::: DATA SHOWN :::
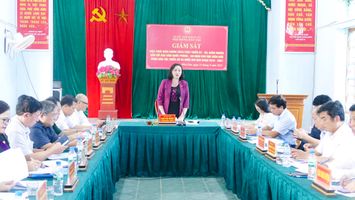 Đoàn giám sát của Hội đồng Dân tộc làm việc tại xã Môn Sơn, huyện Con Cuông, Nghệ An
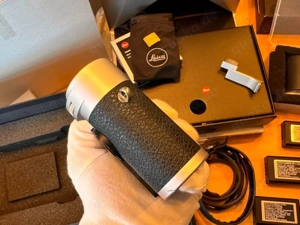 Leica M10-R 20003 silber + OVP + Thump-Grip + 3 Akkus + Leder-Gurt + Handgriff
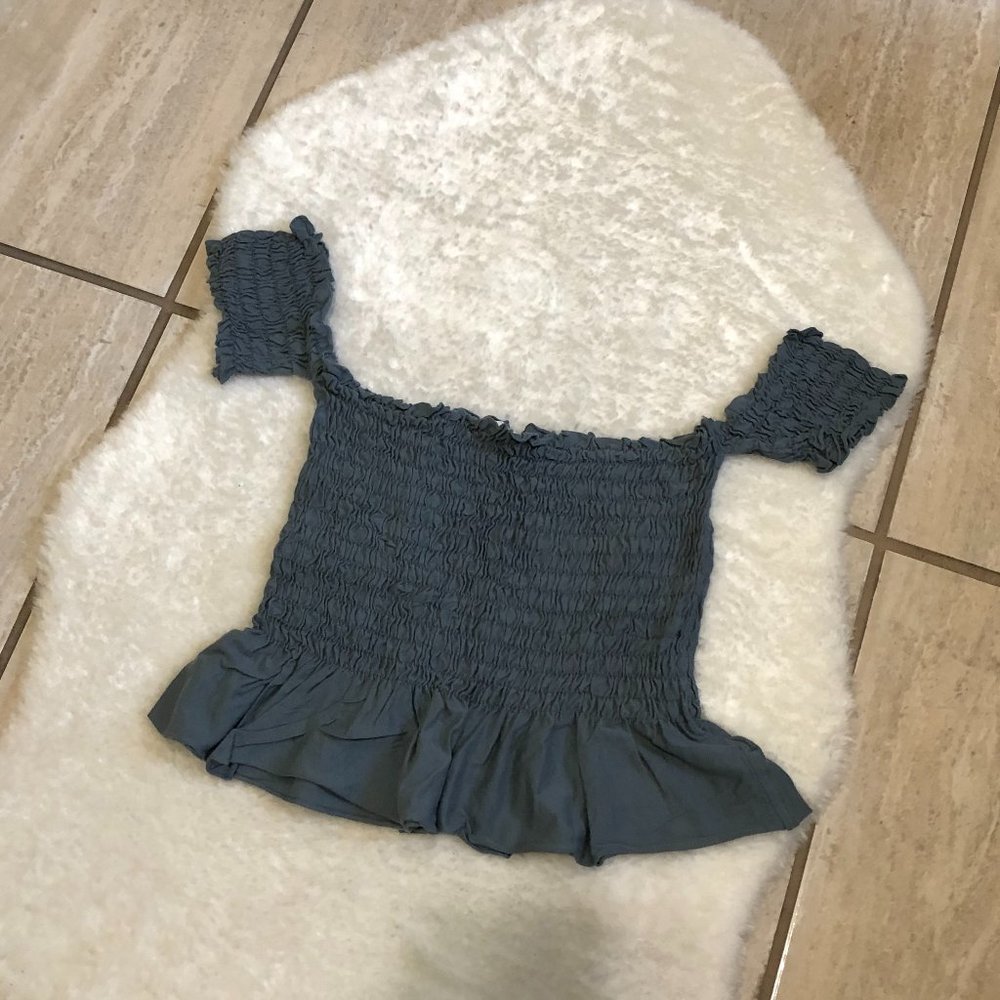 Pacsun Off-the-Shoulder Crop Top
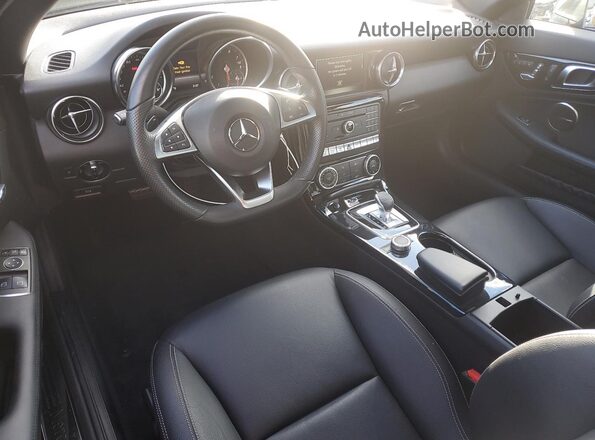 WDDPK3JA0HF136967 2017 MERCEDES-BENZ SLC Серый Вид панели приборов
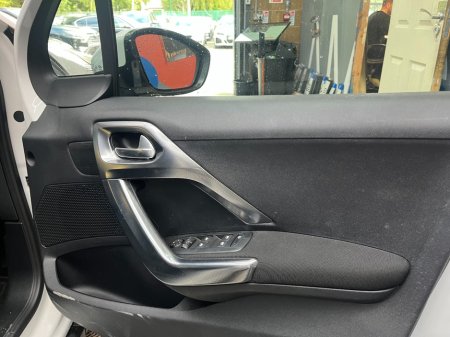 2017 Peugeot 2008 - photo 14
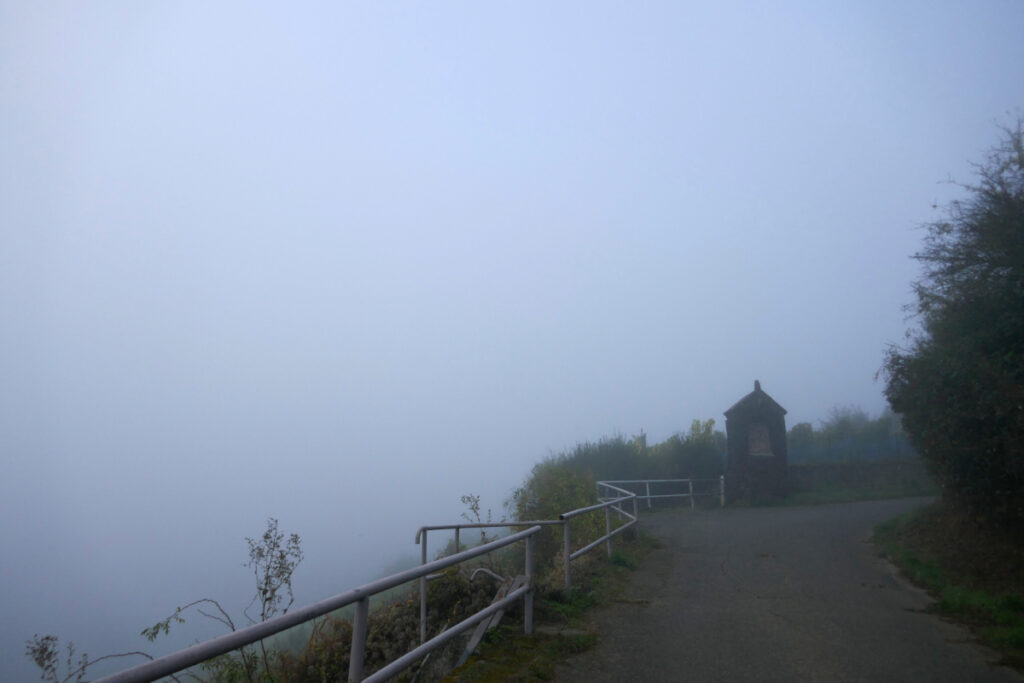 Blick vom Berghang in den Nebel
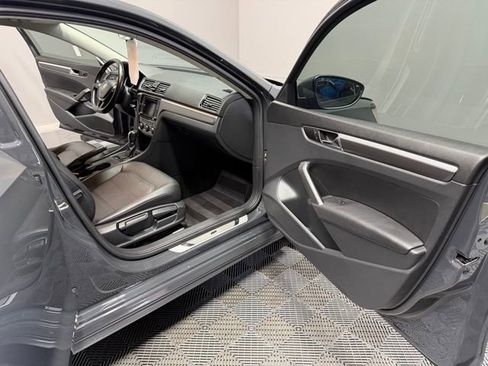 Used 2018 Volkswagen Passat 2.0T R-Line image 20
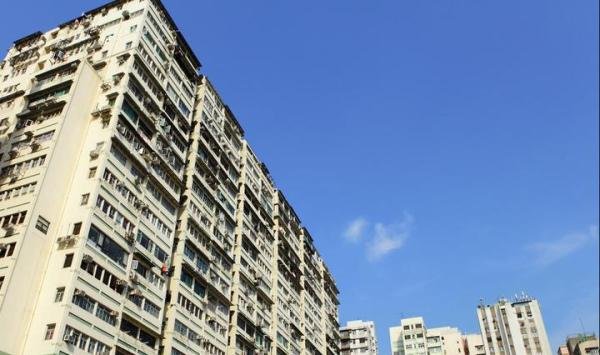 香港打响房价腰斩销售,5折卖房首付仅5%?但4个细节你要知道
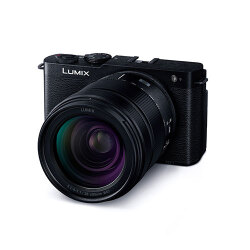 【新品】【在庫あり】パナソニック LUMIX DC-S9H-K ジェットブラック [高倍率ズームレンズキット]【5月31日ご注文分まで5年間延長保証（自然故障対象）プレゼント】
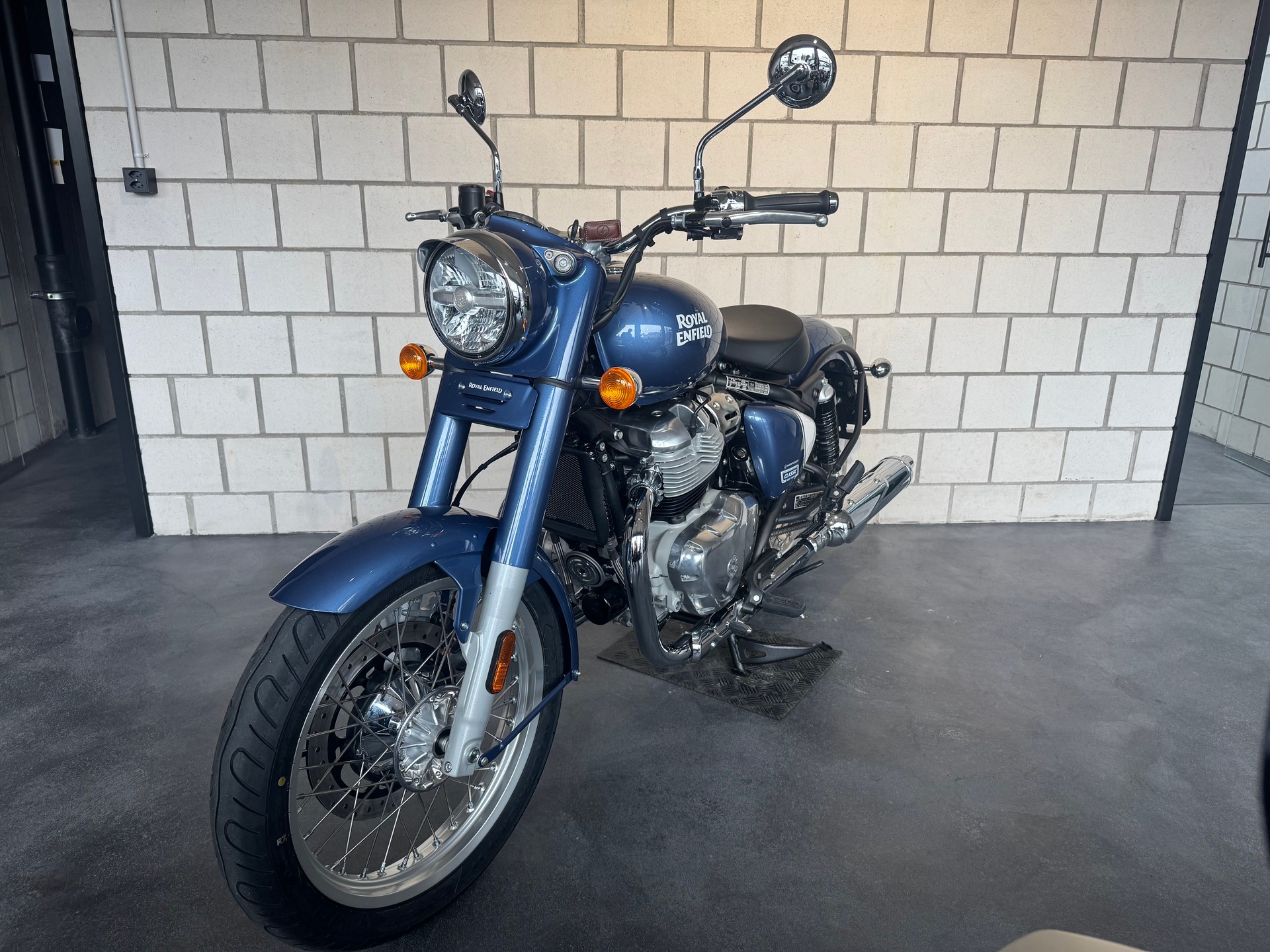 ROYAL ENFIELD Classic 650 Base-image-2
:::
TASK ITEM:
Give back the data exactly, with no images.

ANSWER:
 Đoàn giám sát của Hội đồng Dân tộc làm việc tại xã Môn Sơn, huyện Con Cuông, Nghệ An
 Leica M10-R 20003 silber + OVP + Thump-Grip + 3 Akkus + Leder-Gurt + Handgriff
 Pacsun Off-the-Shoulder Crop Top
 WDDPK3JA0HF136967 2017 MERCEDES-BENZ SLC Серый Вид панели приборов
 2017 Peugeot 2008 - photo 14
 Blick vom Berghang in den Nebel
 Used 2018 Volkswagen Passat 2.0T R-Line image 20
 香港打响房价腰斩销售,5折卖房首付仅5%?但4个细节你要知道
 【新品】【在庫あり】パナソニック LUMIX DC-S9H-K ジェットブラック [高倍率ズームレンズキット]【5月31日ご注文分まで5年間延長保証（自然故障対象）プレゼント】
 ROYAL ENFIELD Classic 650 Base-image-2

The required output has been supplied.